Look at a dozen articles on divorce. Look at two dozen. Can you draw any definitive conclusions?
Where are the answers that will help you – as you struggle to save a marriage or to leave one, as you weigh the pros and cons of fighting for child support over the course of years, as you try to salvage a career that is being battered by legal battles, as you determine if you can move out of state with your kids, as you wonder what’s wrong with you because you can’t “move on” emotionally after a spouse has deserted?
Maybe you’re trying to decide if the grass is greener for real, or if the relationships you dream of are the manufacture of the Grass is Always Greener Syndrome.
As if the emotional turmoil weren’t enough! Disorientation feels like it’s your middle name, as you look for information, for guidance, for solace, and for encouragement.
But viewpoints on divorce are all over the map.
- You will be better off emotionally. (Then again, you may not.)
- Your kids will be better off. (Then again, they may not.)
- You’ll regain your footing financially. (Right. You may not.)
- You’ll meet a great guy / gal and find true love. (The alternative? Not!)

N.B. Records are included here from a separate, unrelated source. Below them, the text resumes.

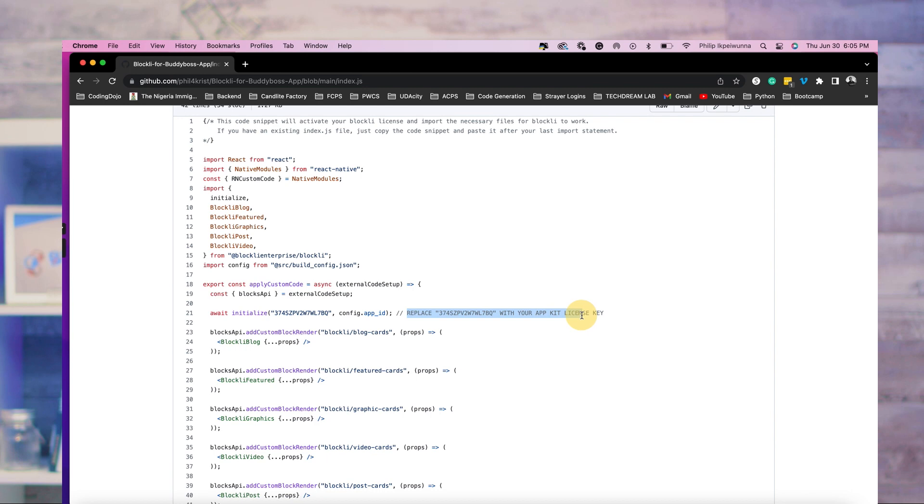Your app kit comes with an authentication token, which you can find in your dashboard in the My Account area on the Blockly website. Replace the sample license in the code snippet in the index file, install the Blockly plugin on your website, and that's it — you are all set.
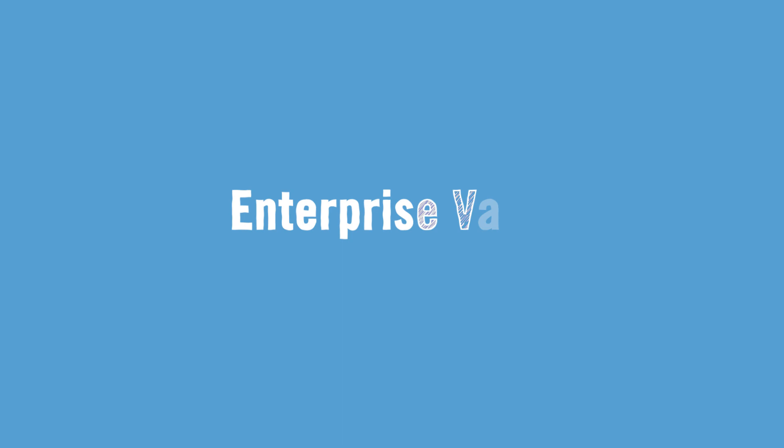This video introduces you to Enterprise Vault, or eVault, MaineHealth's email archiving system, and shows you how to use it.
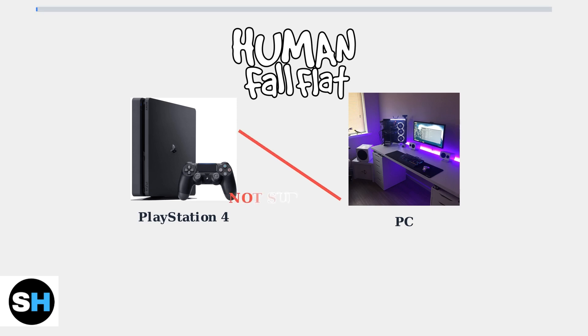Unfortunately, direct cross-play between PlayStation 4 and PC is not currently supported in Human Fall Flat. Players on these platforms cannot join the same game sessions.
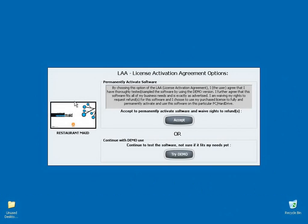Your second option is to continue to test the software if you're not sure it fits your needs. For testing purposes, we will choose option 1.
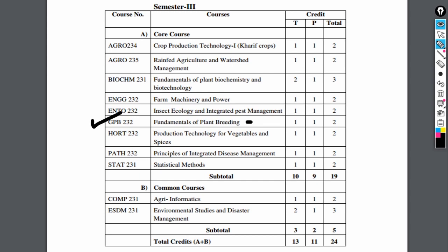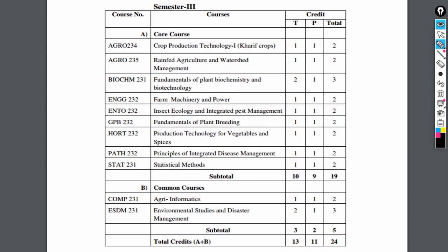Next is GBP 232, fundamentals of plant breeding, for 1 plus 1 credit. Then HOT 232, production technology of various vegetables and spices, covering various vegetables and spices studied, for 1 plus 1 equal to 2 credits. Then PATH 232, principles of integrated disease management, for 1 plus 1 credit.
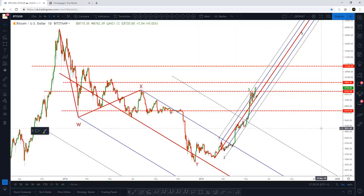Hey guys, this is Wave618. It is the 29th of May 2019 and it's just gone half past five in the evening BST. In today's video, we're going to do an update on Bitcoin.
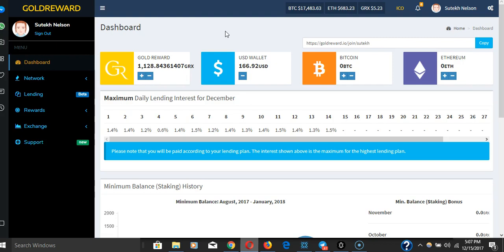With Gold Reward, none of that happened. Everything ran super smoothly. Even though during the second and third rounds GRX was selling out quicker—selling out in like an hour—everything was still running pretty smoothly.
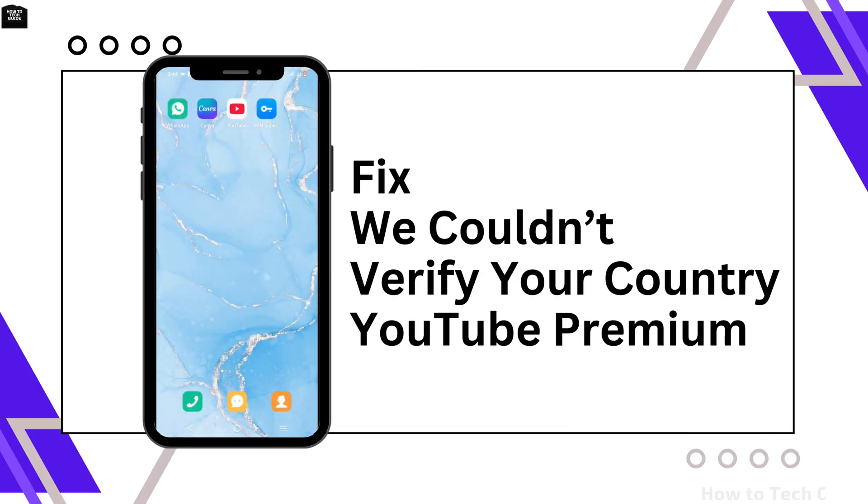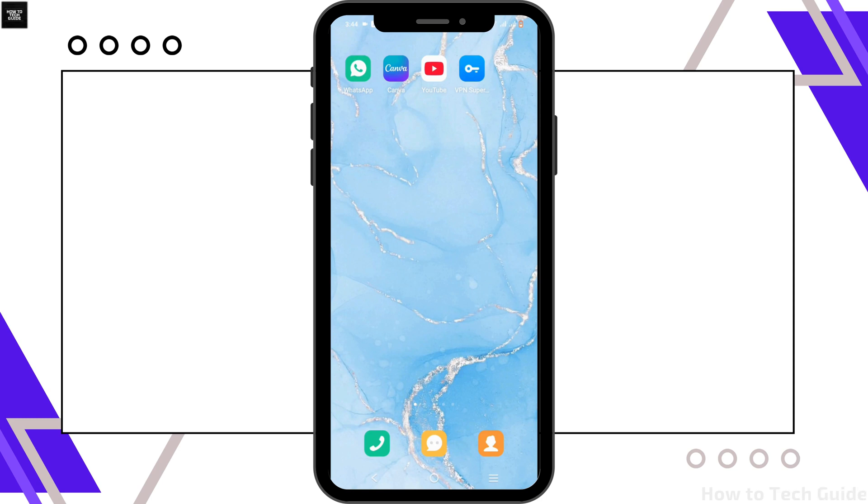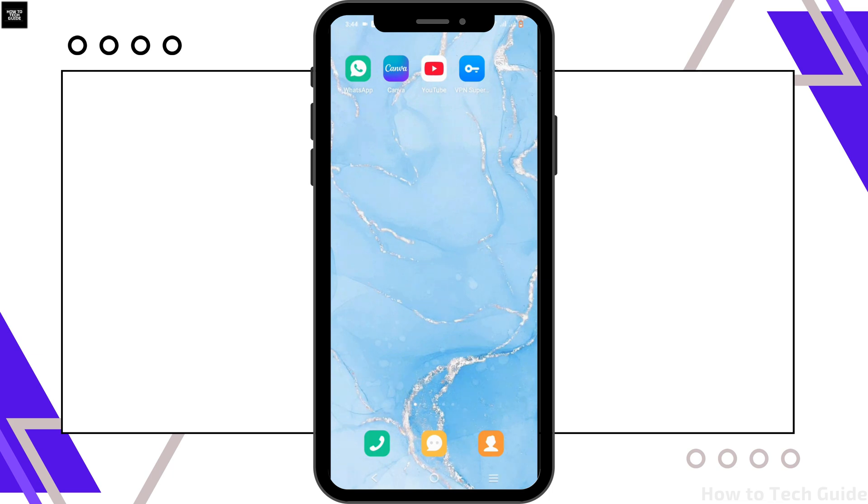How to fix 'we cannot verify a country' YouTube Premium. Hey there, welcome or welcome back to the channel. Let's get right into this tutorial. If you are facing this issue where YouTube says they cannot verify your country, then follow these three simple steps.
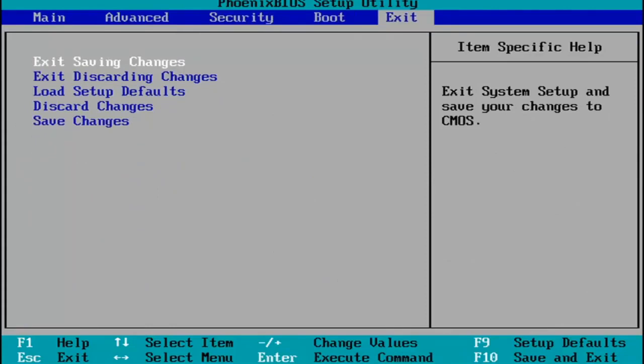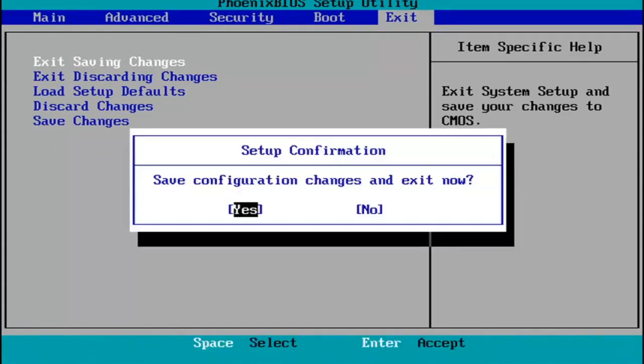you tap the F10 key on your keyboard to save and exit. Tap F10. Save configuration changes and exit now. You hit Enter and then Windows 11 will begin booting up again.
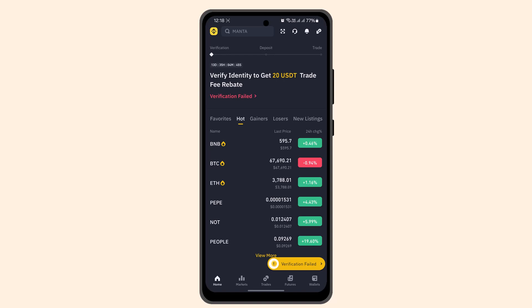Whenever you see the Binance Launchpad for new token offerings, you can just press on it and make sure to follow the criteria mentioned earlier — that is, you must commit a specific amount of BNB to the token sale. You can follow the prompts, and that's basically how you can participate in Binance Launchpad for new token offerings.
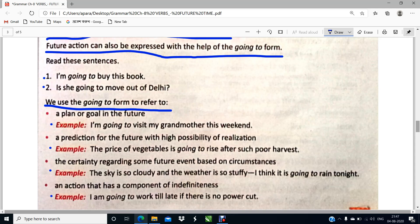The next use is an action that has a component of indefinite. For example: I am going to walk till late if there is no power. It is indefinite — I might do it, I might not do it. I am going to walk — definitely — but only if there is no power. Another example: I am going to finish my work properly if I get my worksheets downloaded. So this is an action that has a component of indefinite.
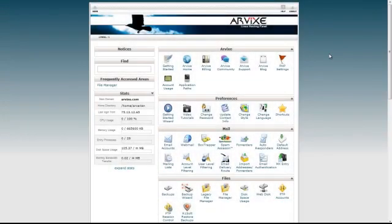Hello, this is Arian for Arvix Web Hosting, and today I'm going to show you how to install SilverStripe CMS using Softaculous.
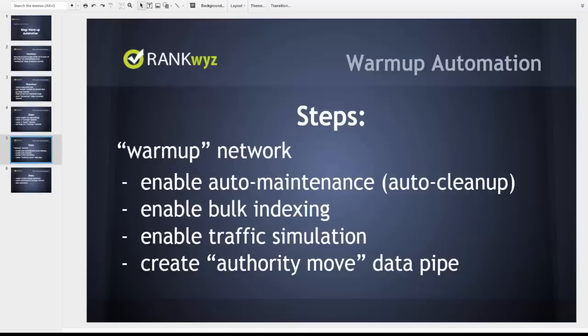Our next step is to configure the warm-up network. We will enable auto maintenance, auto cleanup, bulk indexing, traffic simulation, and create and enable an authority move data pipe.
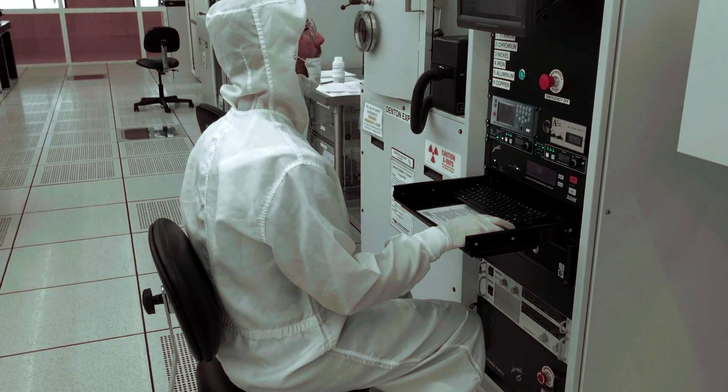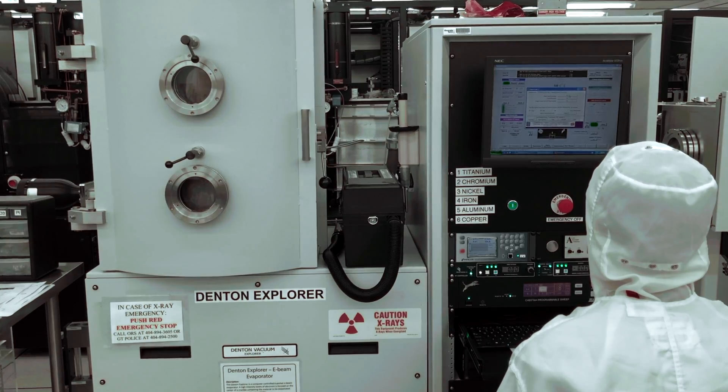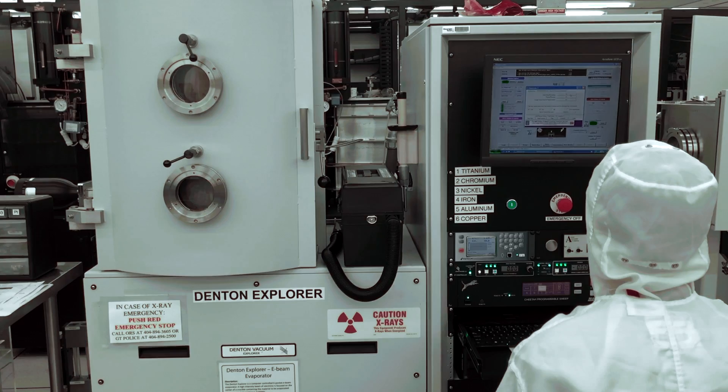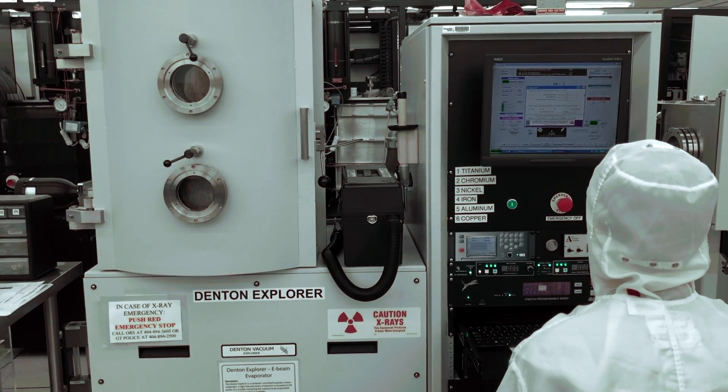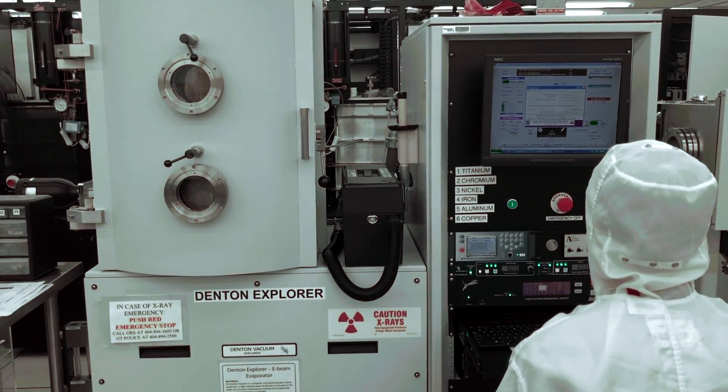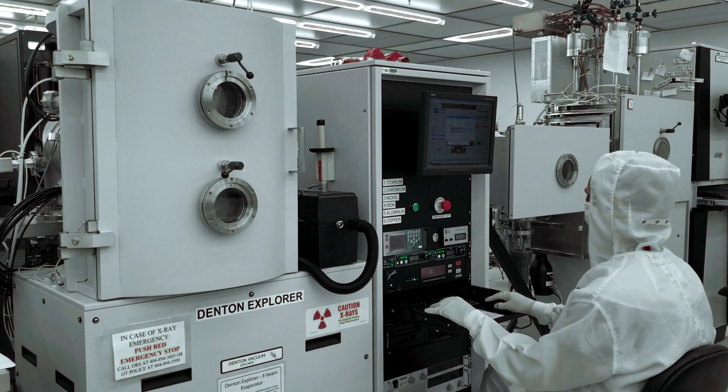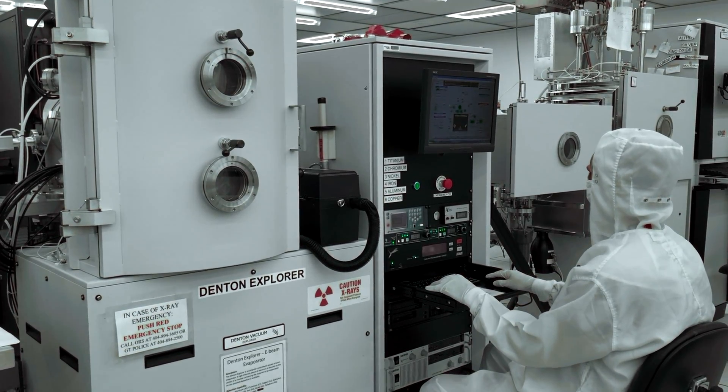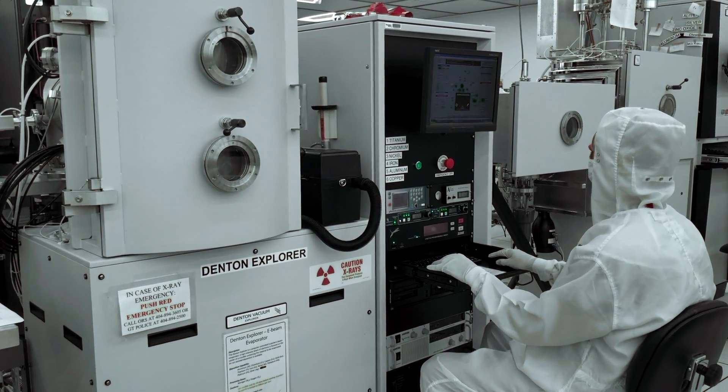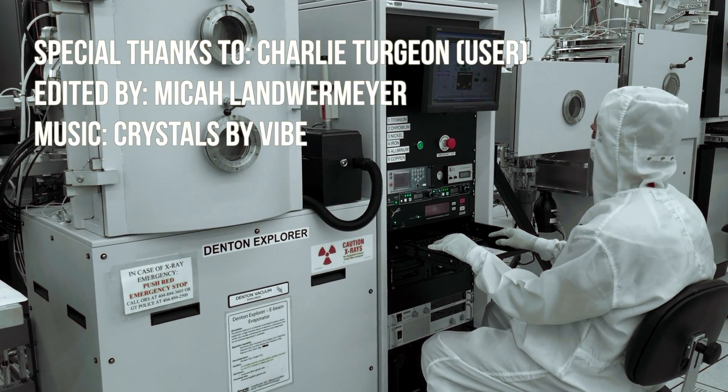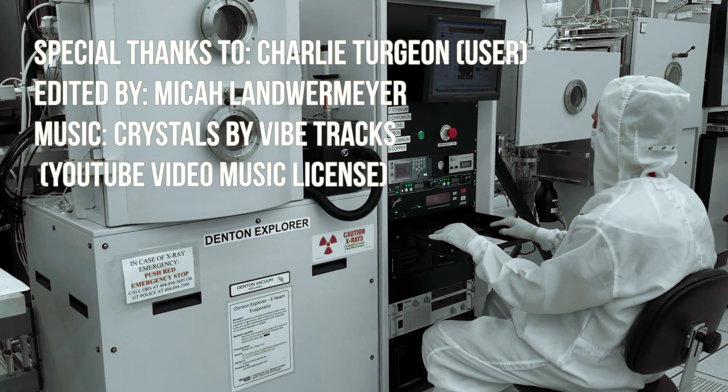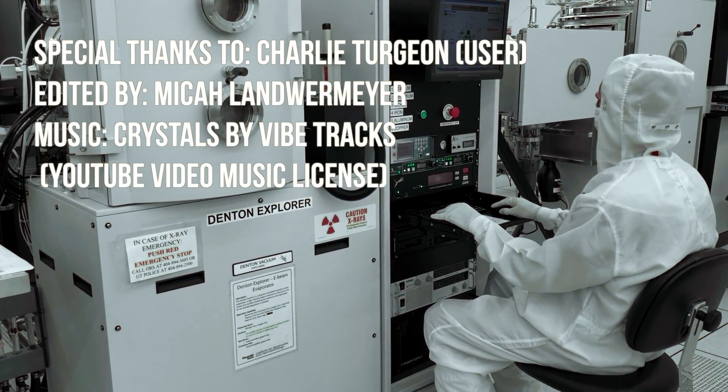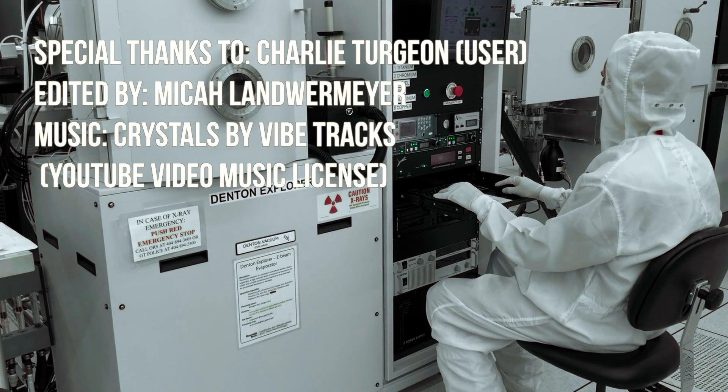You should now have a good understanding of how to operate the Denton Explorer e-beam evaporator to deposit various metal thin coatings. You should be able to vent the system, load your samples into the system, pump the system down, load a recipe, and run the process. If you have any further questions, please contact the trainer for this equipment. Thank you for watching.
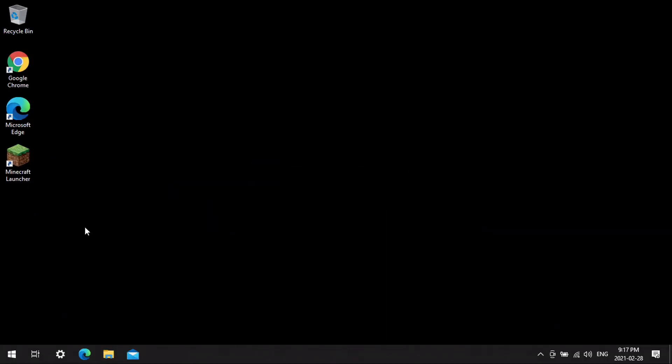First, a few words of caution. Your saved worlds, anything like your screenshots and your inventory, will all be deleted when you uninstall Minecraft. If you do want to keep all that stuff, you want to make sure that you locate your saved folder and your screenshot folder on your computer before you uninstall Minecraft.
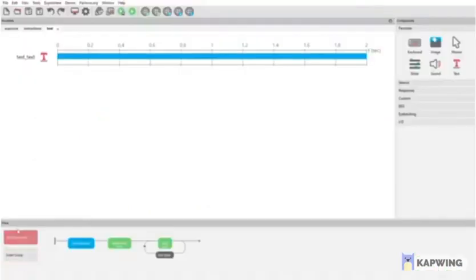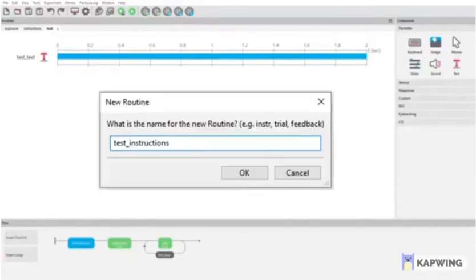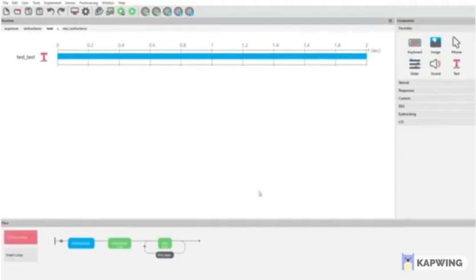Insert New Routine, call it Test Instructions, click OK, and the tab appears after the Test tab.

Here’s the dilemma. Your divorce may go smoothly and relatively quickly. You may be parting ways with only the usual animosity, but knowing you gave your marriage everything you could, as you and your ex concentrate on the best possible co-parenting.
Perhaps you go for mediation rather than battling attorneys or your attorneys may choose not to
fan the flames of perceived and actual wrongs, resulting in keeping your legal fees in check.
You may have family and friends who help during this challenging transition. And even in the best of circumstances, it will be a transition with ups and downs – certainly for your children.
But you may also have a confluence of more painful factors to contend with – a spouse who wants out because he’s found someone new, the reality of an abusive relationship that you’re finally confronting, health issues that play into the mix – yours, or a child’s. You may be divorcing as part of a military family, you may splitting at the seams from financial strain as it is, your kids may present special worries beyond the not so routine “routine” of dealing with their parents’ split.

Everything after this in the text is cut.